Monday, February 6th 2012
In a significant development, AMD reportedly disclosed at the Financial Analyst Day event that it has begun manufacturing its "Trinity" accelerated processing units (APUs) at IBM's foundries. With the creation of Global Foundries, AMD went fabless, relying on Global Foundries (its former manufacturing division) and the likes of TSMC to manufacture its products.
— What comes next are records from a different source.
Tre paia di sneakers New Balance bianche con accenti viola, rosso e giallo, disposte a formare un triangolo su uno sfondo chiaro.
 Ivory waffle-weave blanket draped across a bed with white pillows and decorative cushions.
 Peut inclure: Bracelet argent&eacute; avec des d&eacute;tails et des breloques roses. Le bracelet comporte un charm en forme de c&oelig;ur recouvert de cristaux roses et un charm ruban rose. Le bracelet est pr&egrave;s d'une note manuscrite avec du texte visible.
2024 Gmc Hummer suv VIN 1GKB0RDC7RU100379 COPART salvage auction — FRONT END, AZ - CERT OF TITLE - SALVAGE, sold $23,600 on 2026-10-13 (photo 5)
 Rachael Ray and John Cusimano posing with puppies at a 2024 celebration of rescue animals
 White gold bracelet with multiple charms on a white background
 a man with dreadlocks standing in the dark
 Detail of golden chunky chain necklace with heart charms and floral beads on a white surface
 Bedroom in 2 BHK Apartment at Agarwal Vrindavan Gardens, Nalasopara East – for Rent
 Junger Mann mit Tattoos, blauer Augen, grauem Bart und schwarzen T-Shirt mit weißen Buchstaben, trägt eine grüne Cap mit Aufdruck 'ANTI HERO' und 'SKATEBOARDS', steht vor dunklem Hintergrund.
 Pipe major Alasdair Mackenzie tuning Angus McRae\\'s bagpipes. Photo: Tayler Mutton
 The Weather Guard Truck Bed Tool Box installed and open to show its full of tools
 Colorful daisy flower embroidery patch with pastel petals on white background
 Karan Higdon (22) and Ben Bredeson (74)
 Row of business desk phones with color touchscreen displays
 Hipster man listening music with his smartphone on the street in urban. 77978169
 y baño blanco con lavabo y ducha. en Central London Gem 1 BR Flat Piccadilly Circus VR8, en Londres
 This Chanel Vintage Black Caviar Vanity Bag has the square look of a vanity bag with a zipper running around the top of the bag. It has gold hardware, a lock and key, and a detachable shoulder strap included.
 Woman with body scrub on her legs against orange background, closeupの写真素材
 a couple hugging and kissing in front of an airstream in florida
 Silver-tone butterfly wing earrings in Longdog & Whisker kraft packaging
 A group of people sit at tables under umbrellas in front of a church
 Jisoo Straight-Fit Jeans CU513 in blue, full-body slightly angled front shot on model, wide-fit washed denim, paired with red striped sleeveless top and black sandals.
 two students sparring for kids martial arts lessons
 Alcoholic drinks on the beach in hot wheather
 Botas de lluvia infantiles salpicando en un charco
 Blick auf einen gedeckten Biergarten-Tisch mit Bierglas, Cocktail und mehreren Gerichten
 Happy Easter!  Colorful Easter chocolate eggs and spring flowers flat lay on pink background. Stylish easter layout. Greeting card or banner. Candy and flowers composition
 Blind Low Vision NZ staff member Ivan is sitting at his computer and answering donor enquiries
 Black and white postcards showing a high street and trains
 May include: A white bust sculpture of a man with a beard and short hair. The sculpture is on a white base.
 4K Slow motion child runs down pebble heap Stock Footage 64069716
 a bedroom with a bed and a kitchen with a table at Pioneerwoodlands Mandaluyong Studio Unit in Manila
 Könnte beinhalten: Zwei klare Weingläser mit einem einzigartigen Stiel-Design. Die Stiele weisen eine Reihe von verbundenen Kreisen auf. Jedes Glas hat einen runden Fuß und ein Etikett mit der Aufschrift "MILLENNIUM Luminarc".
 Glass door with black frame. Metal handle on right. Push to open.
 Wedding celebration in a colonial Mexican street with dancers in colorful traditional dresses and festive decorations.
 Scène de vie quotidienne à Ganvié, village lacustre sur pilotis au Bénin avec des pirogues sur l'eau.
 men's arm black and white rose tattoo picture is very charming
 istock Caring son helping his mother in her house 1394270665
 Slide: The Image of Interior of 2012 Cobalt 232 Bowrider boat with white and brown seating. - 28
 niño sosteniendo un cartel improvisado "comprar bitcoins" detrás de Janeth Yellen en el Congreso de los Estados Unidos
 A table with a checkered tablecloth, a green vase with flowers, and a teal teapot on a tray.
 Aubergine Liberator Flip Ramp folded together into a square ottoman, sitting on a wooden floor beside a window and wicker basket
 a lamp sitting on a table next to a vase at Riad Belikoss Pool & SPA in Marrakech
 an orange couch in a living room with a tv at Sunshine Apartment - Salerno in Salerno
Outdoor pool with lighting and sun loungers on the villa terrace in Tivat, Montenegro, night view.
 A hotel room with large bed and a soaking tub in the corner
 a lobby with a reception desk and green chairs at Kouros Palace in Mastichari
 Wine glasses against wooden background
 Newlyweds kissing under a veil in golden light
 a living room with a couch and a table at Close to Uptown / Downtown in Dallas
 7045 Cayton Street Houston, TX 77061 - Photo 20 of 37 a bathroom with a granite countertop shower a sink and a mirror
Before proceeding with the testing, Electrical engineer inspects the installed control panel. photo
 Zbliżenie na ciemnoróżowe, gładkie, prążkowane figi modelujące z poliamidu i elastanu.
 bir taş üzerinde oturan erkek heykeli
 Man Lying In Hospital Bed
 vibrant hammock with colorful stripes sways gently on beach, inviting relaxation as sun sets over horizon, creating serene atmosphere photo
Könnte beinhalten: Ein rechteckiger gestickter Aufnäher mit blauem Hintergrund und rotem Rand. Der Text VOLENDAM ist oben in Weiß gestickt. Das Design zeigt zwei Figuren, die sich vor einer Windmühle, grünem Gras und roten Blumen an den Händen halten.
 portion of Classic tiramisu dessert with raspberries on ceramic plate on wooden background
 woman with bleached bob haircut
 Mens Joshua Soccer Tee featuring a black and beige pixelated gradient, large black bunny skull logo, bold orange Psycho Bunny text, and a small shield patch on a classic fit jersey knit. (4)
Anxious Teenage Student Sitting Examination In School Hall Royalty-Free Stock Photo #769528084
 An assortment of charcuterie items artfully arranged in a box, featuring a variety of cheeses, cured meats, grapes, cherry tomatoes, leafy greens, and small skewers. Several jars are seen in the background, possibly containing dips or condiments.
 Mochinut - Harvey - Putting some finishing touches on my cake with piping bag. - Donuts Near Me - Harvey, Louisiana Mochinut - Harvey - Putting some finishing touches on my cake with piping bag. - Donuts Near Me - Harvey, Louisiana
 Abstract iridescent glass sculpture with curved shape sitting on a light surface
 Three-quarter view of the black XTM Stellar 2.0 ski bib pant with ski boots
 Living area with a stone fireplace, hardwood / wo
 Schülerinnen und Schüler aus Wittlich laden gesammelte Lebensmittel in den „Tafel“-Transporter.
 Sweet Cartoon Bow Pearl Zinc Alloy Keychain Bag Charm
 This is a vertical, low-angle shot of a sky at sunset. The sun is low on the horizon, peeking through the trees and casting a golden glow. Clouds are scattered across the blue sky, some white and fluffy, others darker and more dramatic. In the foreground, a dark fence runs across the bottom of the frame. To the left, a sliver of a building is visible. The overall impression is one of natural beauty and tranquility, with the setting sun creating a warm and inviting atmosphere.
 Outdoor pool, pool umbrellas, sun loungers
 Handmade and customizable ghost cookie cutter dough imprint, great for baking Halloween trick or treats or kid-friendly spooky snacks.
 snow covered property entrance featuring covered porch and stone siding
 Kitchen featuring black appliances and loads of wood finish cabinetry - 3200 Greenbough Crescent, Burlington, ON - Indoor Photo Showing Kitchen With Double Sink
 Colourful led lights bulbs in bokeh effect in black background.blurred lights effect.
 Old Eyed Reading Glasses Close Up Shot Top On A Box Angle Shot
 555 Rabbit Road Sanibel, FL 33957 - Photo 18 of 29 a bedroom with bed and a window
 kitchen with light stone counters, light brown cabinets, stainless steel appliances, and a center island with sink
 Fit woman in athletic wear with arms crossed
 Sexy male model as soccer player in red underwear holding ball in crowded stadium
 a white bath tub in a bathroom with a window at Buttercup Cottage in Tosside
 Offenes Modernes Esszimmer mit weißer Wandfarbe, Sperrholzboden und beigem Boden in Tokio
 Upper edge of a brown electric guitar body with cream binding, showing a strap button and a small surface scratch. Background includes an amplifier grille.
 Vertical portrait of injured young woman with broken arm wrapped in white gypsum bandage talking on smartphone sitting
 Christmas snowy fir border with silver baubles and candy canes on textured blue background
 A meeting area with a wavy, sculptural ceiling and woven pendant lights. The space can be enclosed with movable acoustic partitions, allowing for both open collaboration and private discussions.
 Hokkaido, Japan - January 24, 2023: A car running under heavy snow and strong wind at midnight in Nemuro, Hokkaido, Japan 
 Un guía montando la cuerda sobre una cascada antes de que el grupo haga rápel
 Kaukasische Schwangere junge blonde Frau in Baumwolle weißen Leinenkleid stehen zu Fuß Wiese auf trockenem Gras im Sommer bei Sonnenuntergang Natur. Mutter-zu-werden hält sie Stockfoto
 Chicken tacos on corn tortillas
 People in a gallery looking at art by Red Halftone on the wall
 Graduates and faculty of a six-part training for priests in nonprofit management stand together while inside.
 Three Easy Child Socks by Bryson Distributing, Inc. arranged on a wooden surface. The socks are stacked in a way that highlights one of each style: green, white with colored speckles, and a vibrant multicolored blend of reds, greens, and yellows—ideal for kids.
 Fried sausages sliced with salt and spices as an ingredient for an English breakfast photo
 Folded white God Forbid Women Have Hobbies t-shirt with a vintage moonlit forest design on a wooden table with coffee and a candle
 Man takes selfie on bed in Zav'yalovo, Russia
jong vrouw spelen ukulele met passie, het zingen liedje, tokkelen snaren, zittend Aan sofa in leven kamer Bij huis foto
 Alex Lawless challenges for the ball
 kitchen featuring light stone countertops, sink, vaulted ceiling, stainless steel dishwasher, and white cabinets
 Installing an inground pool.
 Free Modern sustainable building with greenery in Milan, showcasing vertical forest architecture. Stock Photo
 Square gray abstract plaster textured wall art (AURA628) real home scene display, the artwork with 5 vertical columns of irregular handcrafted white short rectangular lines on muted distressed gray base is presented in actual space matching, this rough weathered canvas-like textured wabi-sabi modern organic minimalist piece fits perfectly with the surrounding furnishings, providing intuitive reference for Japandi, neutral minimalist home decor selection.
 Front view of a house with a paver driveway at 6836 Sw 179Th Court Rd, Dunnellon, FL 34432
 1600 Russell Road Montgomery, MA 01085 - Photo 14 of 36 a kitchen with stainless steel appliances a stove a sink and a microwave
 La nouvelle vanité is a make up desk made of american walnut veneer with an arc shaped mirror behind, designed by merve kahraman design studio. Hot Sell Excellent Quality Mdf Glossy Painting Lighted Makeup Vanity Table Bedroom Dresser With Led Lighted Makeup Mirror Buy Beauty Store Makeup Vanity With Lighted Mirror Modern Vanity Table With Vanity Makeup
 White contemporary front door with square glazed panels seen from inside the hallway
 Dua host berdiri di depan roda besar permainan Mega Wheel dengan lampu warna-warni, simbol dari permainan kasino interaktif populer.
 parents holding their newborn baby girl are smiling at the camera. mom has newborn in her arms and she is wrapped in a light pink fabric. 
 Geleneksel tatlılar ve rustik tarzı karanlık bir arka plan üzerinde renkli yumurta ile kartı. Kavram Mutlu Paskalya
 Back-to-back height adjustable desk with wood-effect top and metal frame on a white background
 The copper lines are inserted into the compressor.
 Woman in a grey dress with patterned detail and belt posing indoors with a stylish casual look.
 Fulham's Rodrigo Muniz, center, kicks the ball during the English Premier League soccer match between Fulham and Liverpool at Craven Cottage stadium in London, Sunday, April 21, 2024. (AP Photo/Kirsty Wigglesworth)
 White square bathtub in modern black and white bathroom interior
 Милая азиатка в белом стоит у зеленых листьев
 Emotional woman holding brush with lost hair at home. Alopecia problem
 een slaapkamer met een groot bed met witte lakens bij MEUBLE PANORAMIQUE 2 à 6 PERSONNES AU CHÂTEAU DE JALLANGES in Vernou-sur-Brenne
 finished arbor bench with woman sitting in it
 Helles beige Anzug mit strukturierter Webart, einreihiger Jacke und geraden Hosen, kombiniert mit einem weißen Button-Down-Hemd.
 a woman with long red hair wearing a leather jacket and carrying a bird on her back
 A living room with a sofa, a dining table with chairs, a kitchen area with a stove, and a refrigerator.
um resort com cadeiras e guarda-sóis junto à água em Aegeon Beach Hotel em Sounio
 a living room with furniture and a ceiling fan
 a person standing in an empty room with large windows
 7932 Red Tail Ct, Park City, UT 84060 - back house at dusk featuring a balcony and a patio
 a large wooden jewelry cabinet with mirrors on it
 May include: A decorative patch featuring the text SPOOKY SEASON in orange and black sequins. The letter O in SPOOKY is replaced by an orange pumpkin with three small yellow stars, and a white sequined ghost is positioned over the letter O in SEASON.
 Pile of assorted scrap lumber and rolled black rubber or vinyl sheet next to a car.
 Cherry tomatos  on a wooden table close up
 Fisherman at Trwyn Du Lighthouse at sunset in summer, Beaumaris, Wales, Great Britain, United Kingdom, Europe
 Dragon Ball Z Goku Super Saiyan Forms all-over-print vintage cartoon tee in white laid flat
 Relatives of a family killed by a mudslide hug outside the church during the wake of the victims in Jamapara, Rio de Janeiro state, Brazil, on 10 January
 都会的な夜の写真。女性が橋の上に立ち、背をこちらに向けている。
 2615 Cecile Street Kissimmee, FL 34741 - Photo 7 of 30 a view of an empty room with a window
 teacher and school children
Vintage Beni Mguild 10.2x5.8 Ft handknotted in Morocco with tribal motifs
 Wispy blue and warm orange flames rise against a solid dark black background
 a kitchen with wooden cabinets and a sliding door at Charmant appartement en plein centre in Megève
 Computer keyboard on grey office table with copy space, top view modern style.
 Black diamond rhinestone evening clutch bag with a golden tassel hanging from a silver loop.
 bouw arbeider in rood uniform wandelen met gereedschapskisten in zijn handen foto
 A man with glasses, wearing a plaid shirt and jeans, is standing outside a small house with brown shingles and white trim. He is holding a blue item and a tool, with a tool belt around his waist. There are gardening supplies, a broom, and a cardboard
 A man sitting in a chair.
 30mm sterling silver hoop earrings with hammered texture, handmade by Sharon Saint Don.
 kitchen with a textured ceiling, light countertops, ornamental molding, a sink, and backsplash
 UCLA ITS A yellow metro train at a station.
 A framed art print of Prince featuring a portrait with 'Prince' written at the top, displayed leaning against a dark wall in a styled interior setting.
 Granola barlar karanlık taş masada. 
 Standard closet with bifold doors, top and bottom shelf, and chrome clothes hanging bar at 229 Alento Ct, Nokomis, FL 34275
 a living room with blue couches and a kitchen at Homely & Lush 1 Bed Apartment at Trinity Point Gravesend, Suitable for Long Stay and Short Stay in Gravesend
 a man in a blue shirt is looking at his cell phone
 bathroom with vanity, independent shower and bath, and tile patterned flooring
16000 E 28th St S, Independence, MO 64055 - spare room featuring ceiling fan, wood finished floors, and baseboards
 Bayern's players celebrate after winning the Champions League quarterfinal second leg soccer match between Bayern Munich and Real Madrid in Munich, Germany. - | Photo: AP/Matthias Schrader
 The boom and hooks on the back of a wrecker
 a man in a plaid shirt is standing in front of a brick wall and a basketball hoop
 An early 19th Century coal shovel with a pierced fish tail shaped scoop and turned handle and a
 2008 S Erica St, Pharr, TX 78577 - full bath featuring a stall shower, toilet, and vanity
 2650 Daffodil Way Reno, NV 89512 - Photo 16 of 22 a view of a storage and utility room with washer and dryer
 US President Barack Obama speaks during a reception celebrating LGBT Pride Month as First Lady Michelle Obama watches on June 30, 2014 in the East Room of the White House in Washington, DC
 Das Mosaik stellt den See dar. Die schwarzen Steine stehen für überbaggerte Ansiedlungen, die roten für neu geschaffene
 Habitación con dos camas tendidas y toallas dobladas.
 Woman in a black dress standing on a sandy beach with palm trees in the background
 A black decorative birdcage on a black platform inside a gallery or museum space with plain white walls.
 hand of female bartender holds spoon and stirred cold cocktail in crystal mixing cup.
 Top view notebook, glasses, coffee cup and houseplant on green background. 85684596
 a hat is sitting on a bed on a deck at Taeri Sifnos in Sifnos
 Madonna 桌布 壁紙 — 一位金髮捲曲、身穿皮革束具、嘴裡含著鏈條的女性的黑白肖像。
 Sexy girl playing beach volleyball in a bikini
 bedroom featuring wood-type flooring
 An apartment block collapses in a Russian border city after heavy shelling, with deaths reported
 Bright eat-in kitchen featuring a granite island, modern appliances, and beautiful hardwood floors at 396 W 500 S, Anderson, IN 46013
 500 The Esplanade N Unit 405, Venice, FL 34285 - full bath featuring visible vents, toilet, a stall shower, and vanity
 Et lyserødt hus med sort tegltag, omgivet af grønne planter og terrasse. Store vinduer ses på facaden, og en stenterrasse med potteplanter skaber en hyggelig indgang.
Till date, Global Foundries has handled manufacture of most of AMD's CPU products, and socket FM1 APUs, while BGA APUs and chipset have been manufactured at TSMC.

What makes AMD's partnership with IBM for manufacturing a significant development is the fact that IBM can handle high-volume production, and has a proven track-record with semiconductor manufacturing process R&D, it also holds a wide range of silicon fabrication IP, rivaled only by Intel. Chips manufactured at IBM will only add to the volumes created by Global Foundries, Big Blue won't completely replace it as AMD's foundry partner. The ability to ship in greater volumes plays a significant role in scoring design wins, apart from pure performance of the product. For example, Lenovo would want to be absolutely sure you can ship in large quantities before designing a major product around your chip.

Source: Xbit Labs
posted by btarunr - 11:01 AM |  Related News

User comments
by NC37 (11:26 AM) - Reply
Oh I can't wait to see how this impacts the market when Trinity launches. Securing a solid supply of APU chips is going to do wonders after Llano was hampered by so many shortages early on.
by seronx (12:21 PM) - Reply
It's not official, yet. So, this is more news to be rather than news that had already occurred. Also, when 28nm APUs and CPUs come out AMD will have access from three places IBM/GlobalFoundries/Samsung+(TSMC).
by _JP_ (2:06 PM) - Reply
Are the processors manufactured by IBM going to have a special S/N? :D
by btarunr (2:24 PM) - Reply
by: _JP_
Are the processors manufactured by IBM going to have a special S/N? :D
Yeah, "Made in Canada".
by _JP_ (2:29 PM) - Reply
That should do it for me then. Thanks.
by eidairaman1 (4:02 PM) - Reply
This is good news considering the other 2 are having big issues for some reason fabbing the chips.
by cadaveca (4:07 PM) - Reply
SAhould be a step in the right direction, but I wanna see how well these IBM-fabbed chips clock.
by xBruce88x (6:23 PM) - Reply
This is def a good move for AMD. More APUs/CPUs being fabbed means they can sell more, more income for r&d, I think you see where I'm going with this. Maybe they sboud have IBM do some of their GPUs as well.
by xenocide (9:41 PM) - Reply
It doesn't say which IBM facility is going to make them, there are only a few that can...
by AsRock (10:34 PM) - Reply
by: xBruce88x
This is def a good move for AMD. More APUs/CPUs being fabbed means they can sell more, more income for r&d, I think you see where I'm going with this. Maybe they sboud have IBM do some of their GPUs as well.
Sounds like a great move, the word Cyrix keeps popping in my head J/K.